- TASK PROMPT -
Below are the records. Retype exactly the lines between the lines holding "Fermeture nylon 3 mm YKK - Vert pomme" and "THÙNG KÈM 4 KHAY TOPING 50x50x40", inclusive.

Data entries
* * * * * * *
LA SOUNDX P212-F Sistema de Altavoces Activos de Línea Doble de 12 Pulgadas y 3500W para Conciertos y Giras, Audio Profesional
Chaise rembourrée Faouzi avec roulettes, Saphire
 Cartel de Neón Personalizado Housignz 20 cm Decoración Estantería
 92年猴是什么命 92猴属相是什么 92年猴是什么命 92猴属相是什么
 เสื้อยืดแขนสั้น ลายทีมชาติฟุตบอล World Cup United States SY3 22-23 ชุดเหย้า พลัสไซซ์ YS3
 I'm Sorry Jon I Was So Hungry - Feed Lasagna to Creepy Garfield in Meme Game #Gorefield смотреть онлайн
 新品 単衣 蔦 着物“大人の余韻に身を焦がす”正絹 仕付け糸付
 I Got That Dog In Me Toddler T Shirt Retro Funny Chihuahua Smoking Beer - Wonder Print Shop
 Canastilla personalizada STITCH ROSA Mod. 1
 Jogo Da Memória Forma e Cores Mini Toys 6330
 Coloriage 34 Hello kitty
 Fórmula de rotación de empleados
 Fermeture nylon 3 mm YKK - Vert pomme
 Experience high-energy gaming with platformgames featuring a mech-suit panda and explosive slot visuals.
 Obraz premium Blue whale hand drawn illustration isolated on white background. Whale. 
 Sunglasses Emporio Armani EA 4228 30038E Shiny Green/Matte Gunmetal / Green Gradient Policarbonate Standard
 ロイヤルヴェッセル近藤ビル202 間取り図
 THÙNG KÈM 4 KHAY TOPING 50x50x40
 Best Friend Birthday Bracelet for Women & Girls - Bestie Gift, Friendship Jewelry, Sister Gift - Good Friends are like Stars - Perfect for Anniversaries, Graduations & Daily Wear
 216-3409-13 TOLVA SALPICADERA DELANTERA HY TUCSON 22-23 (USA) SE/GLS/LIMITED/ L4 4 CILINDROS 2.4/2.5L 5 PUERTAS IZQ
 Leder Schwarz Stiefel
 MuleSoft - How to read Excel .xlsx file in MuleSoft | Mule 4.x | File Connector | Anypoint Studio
* * * * * * *
- FINISHED EXERCISE -
 Fermeture nylon 3 mm YKK - Vert pomme
 Experience high-energy gaming with platformgames featuring a mech-suit panda and explosive slot visuals.
 Obraz premium Blue whale hand drawn illustration isolated on white background. Whale. 
 Sunglasses Emporio Armani EA 4228 30038E Shiny Green/Matte Gunmetal / Green Gradient Policarbonate Standard
 ロイヤルヴェッセル近藤ビル202 間取り図
 THÙNG KÈM 4 KHAY TOPING 50x50x40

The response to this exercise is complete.